– Siete muertos. Nueve heridos -murmuró Stephanie.
La misma idea pareció pasar espontáneamente por cada una de las mentes de los reunidos, y Malone pudo ver comprensión, especialmente en el rostro de Mark.
– Cotton, podría estar usted en lo cierto. -Mark se sentó a la mesa-. 1681. Sumemos los primeros dos dígitos y luego los dos siguientes. Siete, nueve. El grabado de la columna. Saunière la volvió cabeza abajo para enviar un mensaje. La erigió en 1891, pero si se invierte esa fecha, da 1681. La columna está invertida para llevarnos en la dirección correcta. Siete, nueve, otra vez.
– Cuente ahora las letras -dijo Malone-. Siete en «misión» (mission). Nueve en «penitencia» (penitence). Eso es algo más que simple coincidencia. Y el ciento sesenta y ocho de los números romanos sobre la lápida sepulcral. Ese total está ahí por algún motivo. Sume uno a seis y a ocho, y tendrá siete y nueve. El patrón aparece por todas partes.
Alargó la mano en busca de una imagen en color de la estación n.° 10 del interior de la iglesia de María Magdalena.
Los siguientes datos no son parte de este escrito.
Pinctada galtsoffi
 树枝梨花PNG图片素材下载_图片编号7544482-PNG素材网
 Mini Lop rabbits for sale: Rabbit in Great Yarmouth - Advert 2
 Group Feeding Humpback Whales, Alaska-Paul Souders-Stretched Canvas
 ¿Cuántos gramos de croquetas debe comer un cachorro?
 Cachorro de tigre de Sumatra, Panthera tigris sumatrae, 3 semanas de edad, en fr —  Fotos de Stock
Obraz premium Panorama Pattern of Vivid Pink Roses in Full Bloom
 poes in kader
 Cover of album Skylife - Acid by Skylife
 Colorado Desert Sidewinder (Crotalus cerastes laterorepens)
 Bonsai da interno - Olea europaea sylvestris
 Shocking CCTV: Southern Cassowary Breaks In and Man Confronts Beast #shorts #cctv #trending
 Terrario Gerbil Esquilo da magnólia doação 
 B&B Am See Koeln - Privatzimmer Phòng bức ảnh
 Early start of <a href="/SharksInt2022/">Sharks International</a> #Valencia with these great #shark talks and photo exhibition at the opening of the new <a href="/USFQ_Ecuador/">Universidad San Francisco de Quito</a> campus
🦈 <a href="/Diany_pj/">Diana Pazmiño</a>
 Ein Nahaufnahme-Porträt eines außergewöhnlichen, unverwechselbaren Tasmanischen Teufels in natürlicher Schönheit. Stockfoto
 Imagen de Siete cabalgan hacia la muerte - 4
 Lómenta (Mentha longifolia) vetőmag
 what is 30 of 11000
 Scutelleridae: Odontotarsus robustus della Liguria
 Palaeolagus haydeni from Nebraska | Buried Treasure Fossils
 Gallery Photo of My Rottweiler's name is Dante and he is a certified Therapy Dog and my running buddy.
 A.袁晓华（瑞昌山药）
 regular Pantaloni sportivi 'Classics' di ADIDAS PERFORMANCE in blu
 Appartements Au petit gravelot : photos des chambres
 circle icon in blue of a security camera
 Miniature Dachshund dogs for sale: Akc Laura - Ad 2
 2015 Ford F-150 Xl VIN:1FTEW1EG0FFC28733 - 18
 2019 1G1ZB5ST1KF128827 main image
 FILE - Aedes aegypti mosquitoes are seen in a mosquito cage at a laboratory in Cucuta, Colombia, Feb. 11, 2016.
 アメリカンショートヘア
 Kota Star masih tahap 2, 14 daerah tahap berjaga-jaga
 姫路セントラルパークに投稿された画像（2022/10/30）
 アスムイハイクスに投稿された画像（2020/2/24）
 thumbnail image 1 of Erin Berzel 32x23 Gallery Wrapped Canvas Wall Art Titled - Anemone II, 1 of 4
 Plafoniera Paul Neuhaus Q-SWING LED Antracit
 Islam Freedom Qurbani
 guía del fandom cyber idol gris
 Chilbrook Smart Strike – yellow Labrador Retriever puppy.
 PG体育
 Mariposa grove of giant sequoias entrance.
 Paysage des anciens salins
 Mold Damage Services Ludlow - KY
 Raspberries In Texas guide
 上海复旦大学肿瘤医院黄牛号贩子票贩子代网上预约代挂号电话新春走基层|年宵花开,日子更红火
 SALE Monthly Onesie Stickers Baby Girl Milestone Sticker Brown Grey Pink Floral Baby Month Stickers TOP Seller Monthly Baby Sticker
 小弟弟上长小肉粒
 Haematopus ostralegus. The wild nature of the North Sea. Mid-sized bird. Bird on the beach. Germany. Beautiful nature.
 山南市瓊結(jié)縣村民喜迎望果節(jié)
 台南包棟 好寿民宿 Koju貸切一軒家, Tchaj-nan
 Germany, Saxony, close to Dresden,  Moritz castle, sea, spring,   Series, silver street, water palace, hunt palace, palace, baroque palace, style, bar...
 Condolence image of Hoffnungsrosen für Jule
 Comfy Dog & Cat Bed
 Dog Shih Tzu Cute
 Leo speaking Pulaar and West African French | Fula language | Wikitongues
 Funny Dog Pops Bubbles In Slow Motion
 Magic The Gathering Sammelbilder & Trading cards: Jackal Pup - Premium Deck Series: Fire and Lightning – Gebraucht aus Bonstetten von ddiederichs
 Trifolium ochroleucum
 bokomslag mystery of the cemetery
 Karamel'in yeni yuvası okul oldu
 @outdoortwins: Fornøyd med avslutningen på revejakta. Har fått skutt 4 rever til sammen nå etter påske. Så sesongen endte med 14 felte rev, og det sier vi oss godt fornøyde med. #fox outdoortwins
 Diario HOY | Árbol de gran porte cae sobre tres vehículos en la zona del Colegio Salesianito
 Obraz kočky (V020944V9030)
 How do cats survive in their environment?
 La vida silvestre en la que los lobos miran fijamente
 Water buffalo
– Miren aquí. Donde el soldado romano está arrojando los dados para jugarse la túnica de Cristo. Miren la cara del dado. Un tres, un cuatro y un cinco. Cuando Mark y yo estuvimos en la iglesia, me pregunté por qué habían sido elegidos estos números en particular. Mark, tú dijiste que Saunière supervisaba personalmente cada detalle que se incorporaba a esa iglesia. De manera que escogió esos números por una razón. Creo que lo importante aquí es la secuencia. El tres es primero, luego el cuatro y luego el cinco. Tres más cuatro siete, cuatro más cinco, nueve.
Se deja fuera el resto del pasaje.